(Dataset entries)
[Start of section]
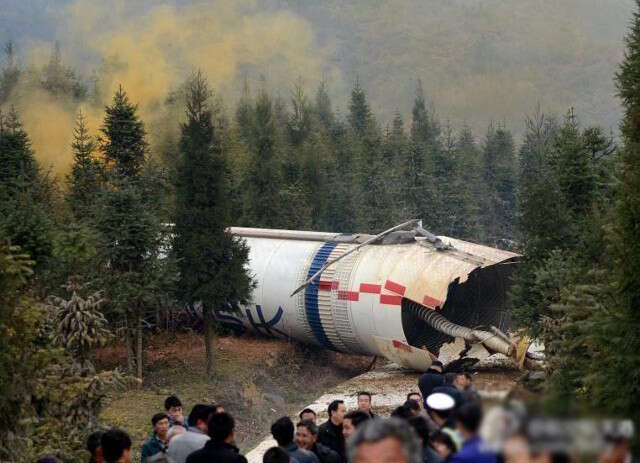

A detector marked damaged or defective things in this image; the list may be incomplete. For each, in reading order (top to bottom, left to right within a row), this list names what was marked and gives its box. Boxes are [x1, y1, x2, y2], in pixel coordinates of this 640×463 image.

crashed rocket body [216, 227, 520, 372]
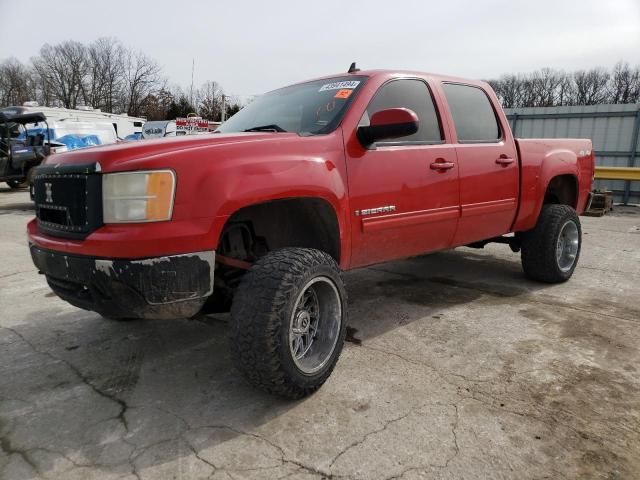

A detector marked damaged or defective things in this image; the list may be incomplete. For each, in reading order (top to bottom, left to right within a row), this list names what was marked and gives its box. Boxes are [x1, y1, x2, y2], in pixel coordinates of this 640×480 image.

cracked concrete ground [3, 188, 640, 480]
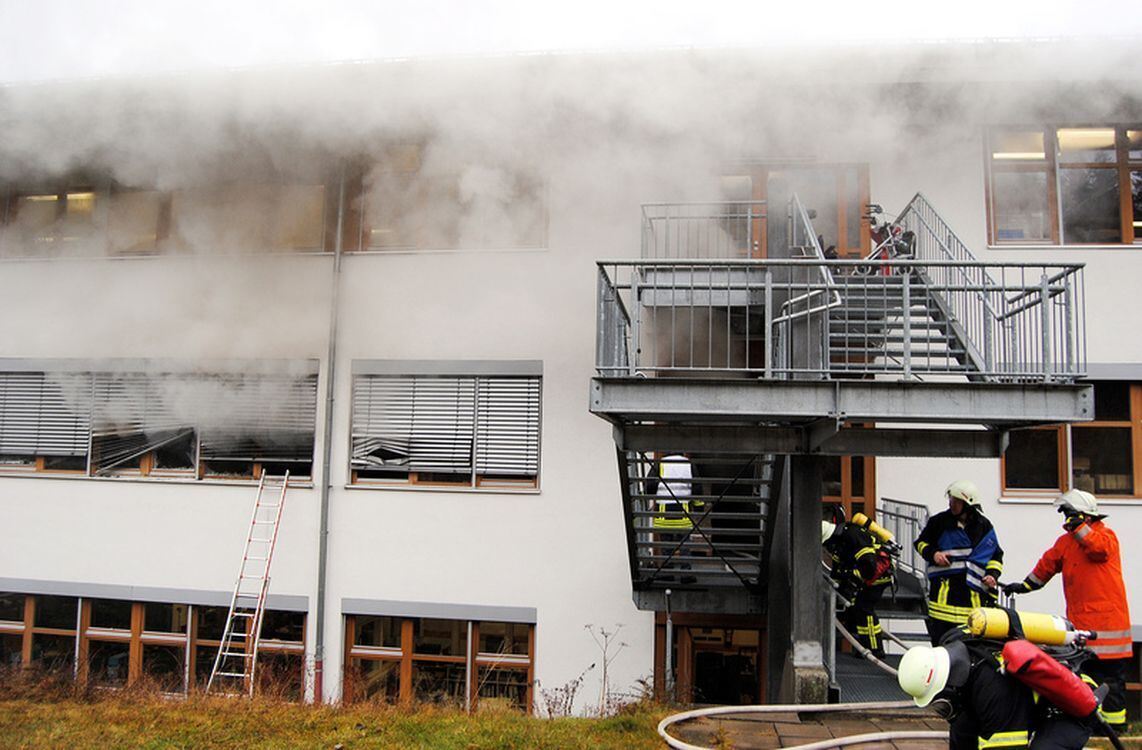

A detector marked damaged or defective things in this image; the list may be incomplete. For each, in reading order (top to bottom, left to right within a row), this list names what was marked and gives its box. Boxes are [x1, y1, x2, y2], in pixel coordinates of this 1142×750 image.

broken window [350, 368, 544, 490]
[End of section]
ACTIVITY —
Output the line containing "this 1142×750 image." together with all later lines of the entries, exactly as written, through the final line.

SOLUTION TO THIS PROBLEM —
A detector marked damaged or defective things in this image; the list may be incomplete. For each, in reading order (top to bottom, left to right within a row), this list names what was marked and gives its box. Boxes are [x1, y1, x2, y2], in pixel coordinates of this 1142×750 image.

broken window [350, 368, 544, 490]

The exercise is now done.